Because std::deque makes the same performance guarantees (in big-O terms) as std::vector, and has constant-time insertion at both ends, it’s tempting to wonder what the big deal is about std::vector. However, the constant of proportionality of all these operations is greater for deques than for vectors. Measured performance of common operations involving deques is 3 to 10 times slower than corresponding operations in vectors. Iterating, sorting, and lookup are relative bright spots for deques, being only about 30% slower than for vectors.

std::deque is typically implemented as an array of arrays (Figure 10-2). The two indirections needed to get to an item in the deque reduces cache locality, and the cost of more frequent calls to the memory manager is greater than with std::vector.

Pushing an item onto either end of a deque may cause at most two calls to the allocator: one to add another block of items, and, less frequently, another to extend the deque backbone. This allocation behavior is more complex, and thus harder to reason about, than the allocation behavior of vectors. std::deque does not offer any equivalent to std::vector’s reserve() member function to preallocate its internal data structures. The deque may seem like an obvious container with which to implement a FIFO queue. There is even a container adapter template calledstd::queue, for which deque is the default implementation. However, there is no guarantee that the allocation performance will be very good in this use.

std::deque is a dynamic array. A backbone array points to blocks of instances of its parameter type

Figure 10-2. std::deque possible implementation after a few insertions and deletions

Inserting and Deleting in std::deque

std::deque provides the same interface for insertion as does std::vector, plus the member push_front().

Here is an assignment of one deque to another.
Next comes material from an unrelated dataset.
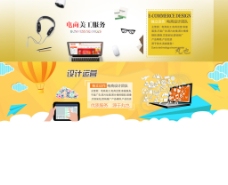 电子商务网页宣传banner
This operation took 5.70 milliseconds:

std::deque<kvstruct> test_container;

std::vector<kvstruct> random_vector;

...

test_container = random_vector;

Insertion into a deque using a pair of iterators looks like this. This operation took 5.28 milliseconds:

std::deque<kvstruct> test_container;

std::vector<kvstruct> random_vector;

...

test_container.insert(

test_container.end(),

random_vector.begin(),

random_vector.end());

Here are three ways to copy items from a vector to a deque using push_back():

std::deque<kvstruct> test_container;

std::vector<kvstruct> random_vector;

...

for (auto it=random_vector.begin(); it!=random_vector.end(); ++it)
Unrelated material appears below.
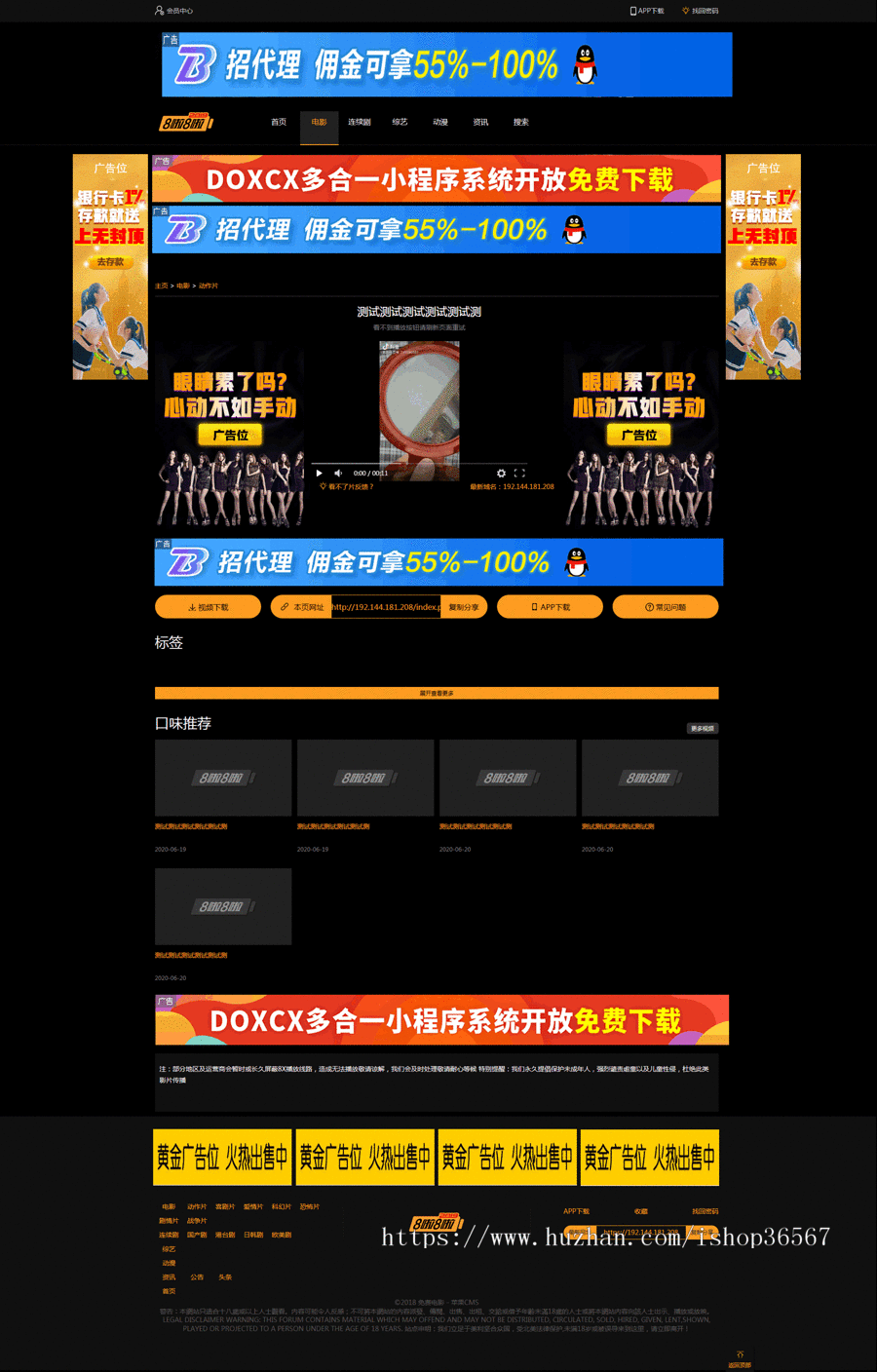 AY卡盟_代刷网-实力最强卡盟-QQ会员-名片赞-QQ空间人气-18卡盟导航的简单介绍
test_container.push_back(*it);

for (unsigned i = 0; i < nelts; ++i)

test_container.push_back(random_vector.at(i));

for (unsigned i = 0; i < nelts; ++i)

test_container.push_back(random_vector[i]);

A developer could be excused for guessing that these three loops would cost pretty much the same. Maybe at() should be a tiny bit slower due to the extra checking it does. Indeed, the iterator version at 4.33 milliseconds was 15% faster than the subscript version at 5.01 milliseconds, with the at() version in between at 4.76 milliseconds. This is not a tremendous difference; maybe not the big game for which an optimization effort would normally want to hunt.

Results were similar for the three variants of prepending using push_front(). The iterator version took 5.19 milliseconds and the subscripting version 5.55 milliseconds—a difference of only 7%, bordering on the unrepeatable. However, the push_front() results were 20% slower than for push_back().

Inserting at the back and at the front was about twice as expensive as push_back() or push_front(), respectively.

Now take a look at the performance of std::vector versus std::deque. A vector performs an assignment 13 times faster for the same number of entries. A vector is 22 times faster at deletion, 9 times faster at iterator-based insertion, twice as fast at push_back(), and 3 times as fast when inserting at the end.

OPTIMIZATION WAR STORY

When I began performance-testing deque, I found a surprise: Operations on std::deque were a thousand times slower than equivalent std::vector operations. At first I told myself, “It is what it is. Deque must simply be an awful choice for a data structure.” It was only when I ran a “final” set of tests for the tables in this book that my foolishness was revealed.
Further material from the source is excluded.